Amplifying Melanated Voices in BLW


Never in a million years did I think that I – a white suburban dietitian mom – would be writing a blog post about fighting racism in the very niche area that I work in called baby-led weaning.

…but here we are, amidst a powerful movement and a moment of recognition in the US and I can do better.



In recent days I have learned much and been inspired by the #amplifyingmelanatedvoices campaign on Instagram spearheaded by fellow dietitian Jessica Wilson, MS, RD @jessica.wilsonmsrd and Alishia McCullough @blackandembodied.

As someone who has never experienced the harsh reality of systemic racism that is endemic in our country and much of the world, I don’t feel qualified or adequately equipped to tackle the important issues of racism and social injustice.

But I do run the largest digital community dedicated to baby-led weaning, and I have an obligation to use my platform to do something. My community is full of incredibly diverse, informed and kind parents and caregivers who want to give their babies the absolute best start to solid foods.

And while I certainly don’t have any answers or personal life experiences or stories or strategies that can alleviate the pain people are experiencing right now…

…my community does.


Putting Your Suggestions into Practice

And so I recently began having conversations with moms and dads and caregivers, grandparents and healthcare professionals in my community, many who are people of color, many who are not.




And I asked, “How can I amplify the voices that need to be heard & fight racism here?”

{…“here” being on my primary platform Instagram @babyledweanteam, on my podcast Baby-Led Weaning Made Easy, on this blog The Fortified Family and inside of my BLW membership group The Baby-Led Wean Team…}

Some of the responses I received, I expected. But others I was surprised by.







My community wants to see more (…and this is what I was not surprised by):

  • Black families doing baby-led weaning

  • BLW in other cultures

  • BIPOC dietitians

  • BLW cultural food recipes

But I was also intrigued by a lot of the responses to that question sticker that were related to class and socioeconomic status and access. These included more requests for:

  • Information on food deserts

  • More ideas for WIC moms

  • Food inequality

  • Access to healthy foods for lower socioeconomic families

In the ensuing discussion that played out in this particular Instagram post (original post is here), there was 1 particular comment that stood out to me. This comment read:

“I appreciate the intention behind your post, but please be careful to not conflate or associate Black parents feeding their babies with experiences in food deserts, as WIC recipients, or low socioeconomic backgrounds 💗 It is possible to be culturally competitive without making class associations.”

It made me realize how far I have to go and how much more learning I need to do in order to adequately serve the community of followers who seek out my expertise in infant nutrition and baby-led weaning.

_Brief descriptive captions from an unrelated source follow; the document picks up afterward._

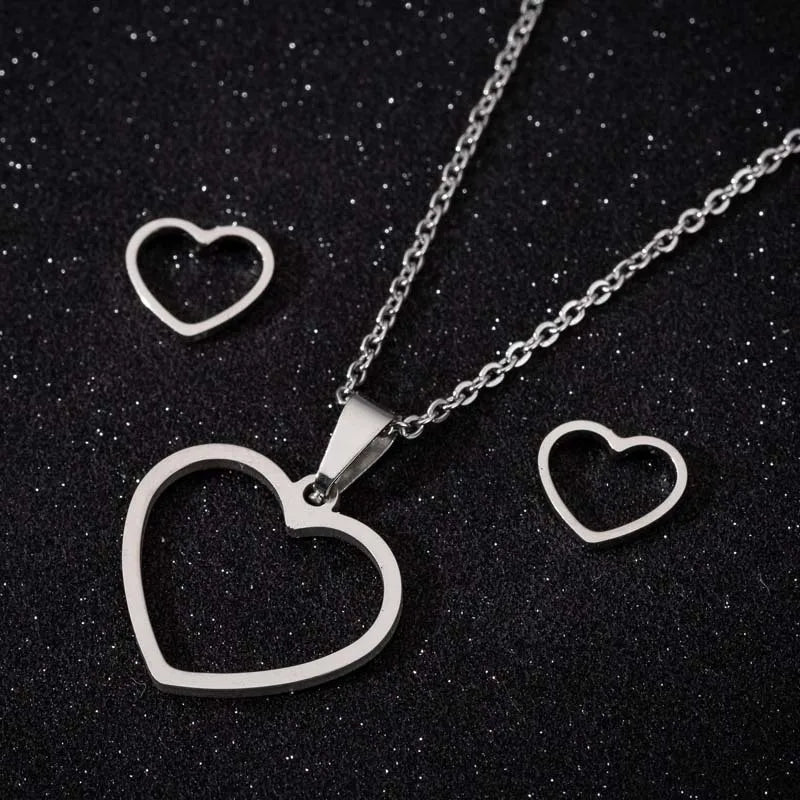 Heart Shape  Necklace/Earrings Set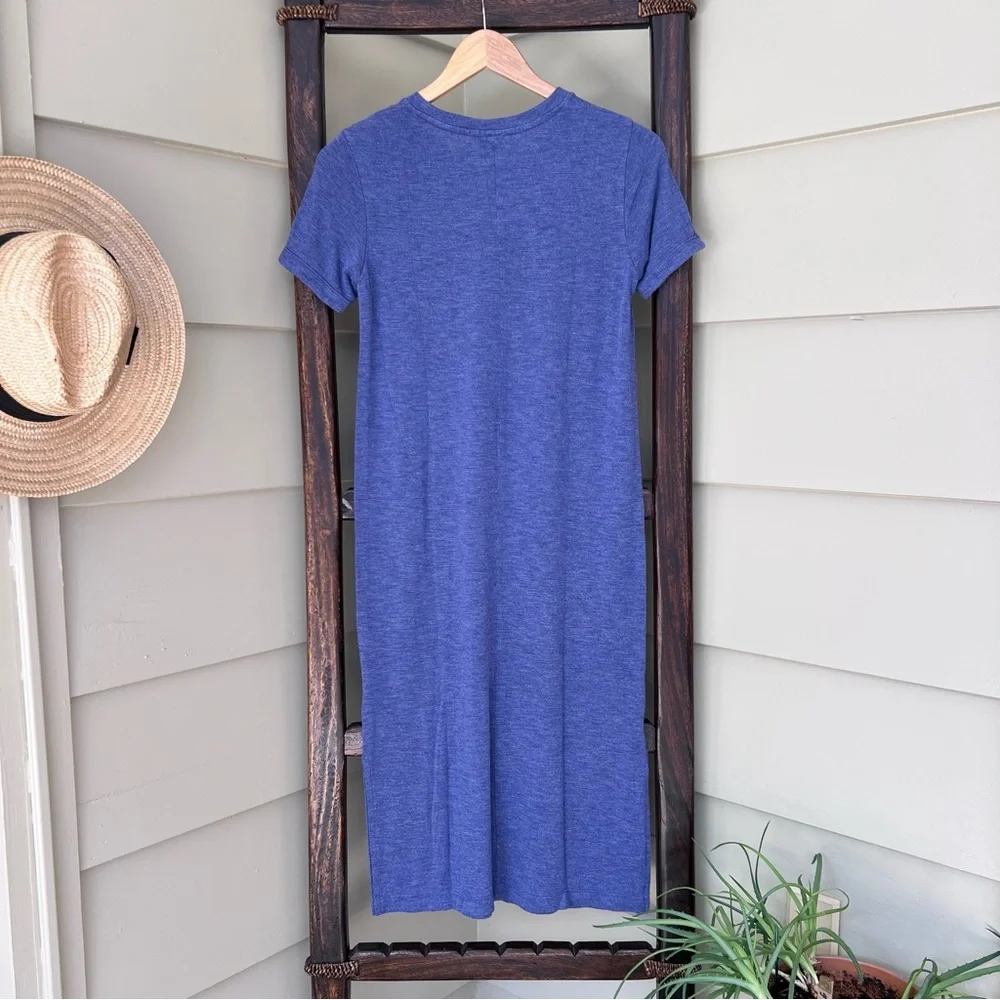 Jessica Simpson Finlee T-Shirt Dress Viscose Blend Pocket Slits Blue Womens XS - Picture 2 of 10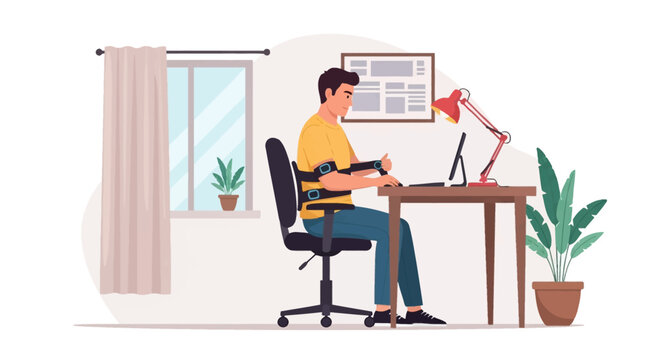 Flat vector illustration of a man sitting at a desk wearing a wearable posture correction sensor and back brace while working on a computer in a modern home office with plants.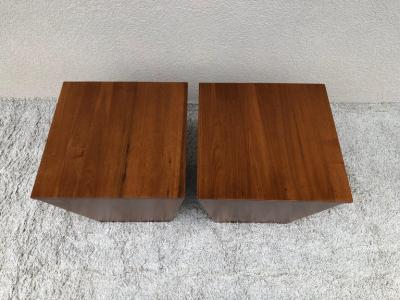 Pair of Midcentury End Table Cube Boxes with Storage Interiors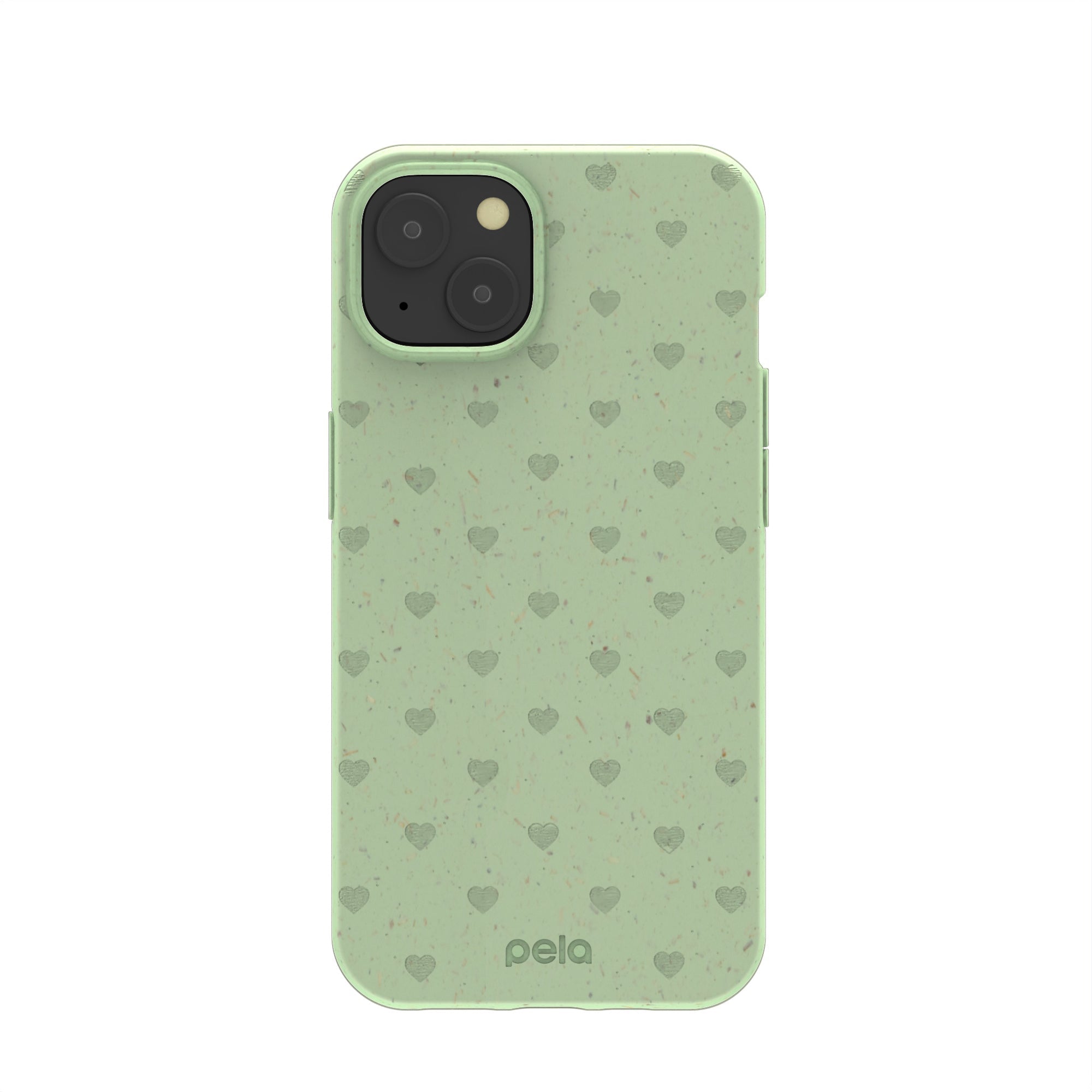 Sage Green Hearts iPhone 13 Case Refurbished - Pela Case refurbished available on Cerqular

There is value and need to speak about feeding issues as they pertain to race and as they pertain to class, and they may at times overlap but at other times they should not.


Moving Forward

My team and I have spent this week brainstorming ways to make meaningful changes to the content we put out.

We want to celebrate babies and families of ALL backgrounds including different races and different parts of the world and different religions and different cultural food practices.

But because the imminent issues afflicting our country are about race, in the immediate future I am working to:

  • Feature more Black families doing BLW

  • Amplify the hashtag #blackbabyledweaning

  • Spotlight BIPOC dietitians

  • Interview more Black feeding experts

For the other areas of cultural competence, in my forthcoming content I am seeking to:

  • Share more ideas for WIC families

  • Highlight BLW in other cultures

  • Educate about food deserts

  • Post more BLW cultural food recipes

I seek to do this in a way that makes all of my platforms a more inclusive learning environment that is representative of ALL parents and people and babies…as well as the types of foods we ALL eat.

In these efforts, I know I will make mistakes along the way. I will accidentally and unintentionally, but certainly offend some people in trying to do so. But I will lean on the individuals and stories and experiences of those in my community to make this a more inclusive learning environment.


About the Image

I’ve had a lot of questions about the image for this post I originally used on Instagram. A very talented dietitian who works with me, Katelynn Sasaki, RDN is an illustrator and drew it for the post.

She used her own nephew (a BLW baby 🙂 and his “incredibly chunky hands” as a reference for the drawing.

We originally posted it on Instagram with this Rosa Parks quote:


IG Post (3).png


…but I also love it on its own with just the chunky little self-feeding fingers of babies of all races.




Each time I look at Katelynn’s drawing it reminds me that chubby baby fingers of ALL colors are always welcome here.

And I will do a better job to ensuring it stays that way.